Early life and career
Born near Cairo, Illinois on the Mississippi River, Ingram's father was a steamer fireman on the riverboat Robert E. Lee. Ingram graduated from the Northwestern University medical school in 1919 and was the first African American man to receive a Phi Beta Kappa key from Northwestern University. He went to Hollywood as a young man where he was literally discovered on a street corner by the casting director for Tarzan of the Apes (1918), starring Elmo Lincoln. He made his (uncredited) screen debut in that film and had many other small roles, usually as a generic black native, such as in the Tarzan films.
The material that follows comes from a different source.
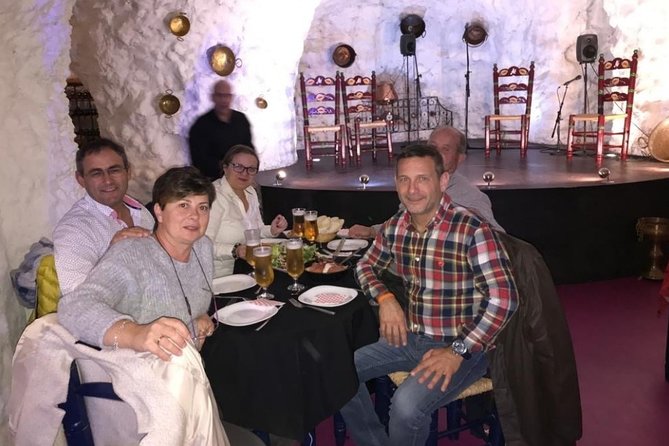 Flamenco Show in a Cave Restaurant in Granada - The flamenco set: palos, musicians, and that hour where time speeds up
With the arrival of sound, his presence and powerful voice became an asset and he went on to memorable roles in The Green Pastures (1936), The Adventures of Huckleberry Finn (the 1939 MGM version, opposite Mickey Rooney), The Thief of Bagdad (1940—perhaps his best-known film appearance—as the genie), The Talk of the Town (1942), and Sahara (1943).

From 1929, he also appeared on stage, making his debut on Broadway. He appeared in more than a dozen Broadway productions, with his final role coming in Kwamina in 1961. He was in the original cast of Haiti (1938),Cabin in the Sky (1940), and St. Louis Woman (1946). He is one of the few actors to have played both God (in The Green Pastures) and the Devil (in Cabin in the Sky).

In 1962, he became the first African American actor to be hired for a contract role on a soap opera, when he appeared on The Brighter Day. He had other minor work in television in the sixties, appearing in an episode each of I Spy and The Bill Cosby Show, both of which starred Bill Cosby, who used his influence to land him the roles.

Death
Shortly after filming a guest spot on The Bill Cosby Show, Ingram died of a heart attack at the age of 73. On his passing, his body was interred in the Forest Lawn - Hollywood Hills Cemetery in Los Angeles.